The Great Upheaval caused a drastic drop in CPCs, a huge spike in traffic, and as a result of all of this, a surge of new paid subscribers at historically low CPAs.
Since then, CPCs have started an upward trend, and traffic volume overall has been on a downward trend.
As for paid subscriptions, it’s been a mixed bag. Traffic is still higher than before, but conversion rates have been unstable. CPAs are continuing to trend low, they’ve just been inconsistent and hard to predict.
It’s been challenging to suss out the reasons for this volatility, so I took a different approach instead: What are publishers with steady, consistent performances doing that the others aren’t?
Let’s dive in.
How one publisher achieves stability
I found a few big publishers that were faring very well in the current environment. All of them had the same campaign and content strategies, so I picked one for us to walk through.

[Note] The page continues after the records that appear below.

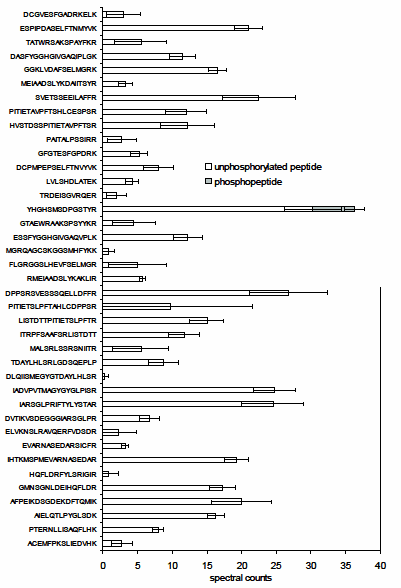 A quantitative mass spectrometry-based approach for identifying protein kinase clients and quantifying kinase activity The in vitro assay based upon spectral counting4,5 reveals kinase specificity in peptide cocktails (PEPscreen, Custom Products). The recombinant AtPDK phosphorylates only YHGHSMSDPGSTYR in the peptide cocktail, which contains all potential Ser-containing tryptic peptides derived from AtPDC E1α and AtPDK. All values are means ± std of four repeats.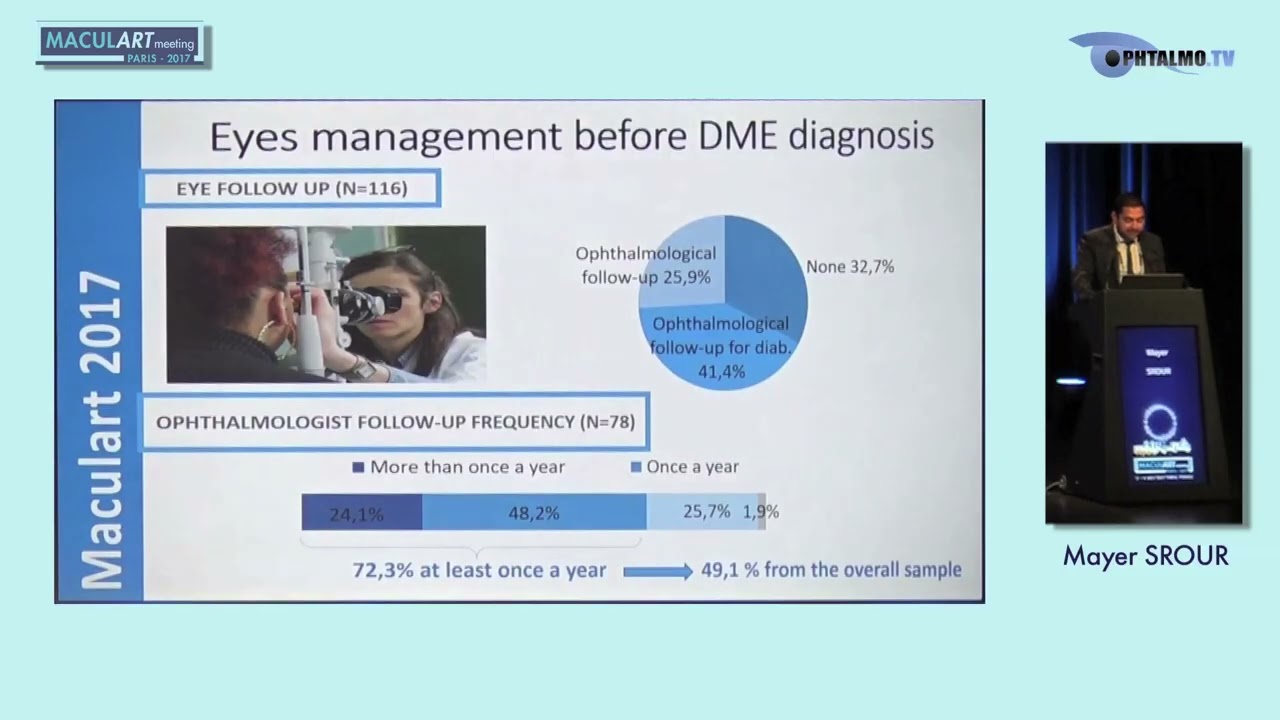 Dr Mayer Srour — Profil des patients avec œdème maculaire diabétique en France (MaculArt 2017)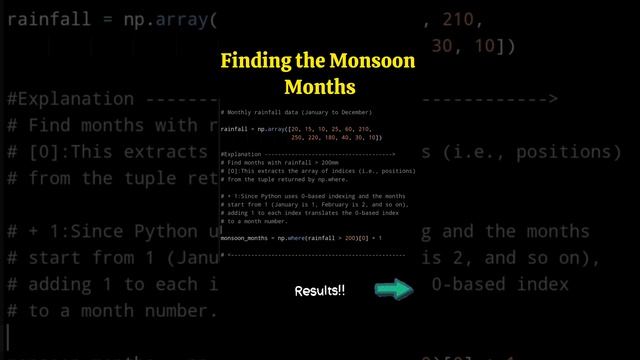 Advance Numpy!! #python #programmingtutorial #viral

Publisher X is a high-end national publication that relies on a metered paywall (i.e. read more than a certain number of articles and you’ll be required to subscribe.)
Let’s start by looking at this publisher’s campaigns which use a two-step campaign strategy.
Step 1: Attract users
Publisher X distributes its content to relevant audiences at scale, with an efficient CPC, targeting users that are likely to engage. This overall content sequencing approach leaves room for a “prospecting” phase, which brings in a low-cost, high-quality audience for the top of the funnel.
Step 2: Convert users
Publisher X’s metered paywall is capped at 5 articles. For this second step, its Facebook campaigns target users that have read 2 or more articles on the publisher’s site. The campaign only promotes content, and not a direct response landing page. All of the subscription calls-to-action happen on site.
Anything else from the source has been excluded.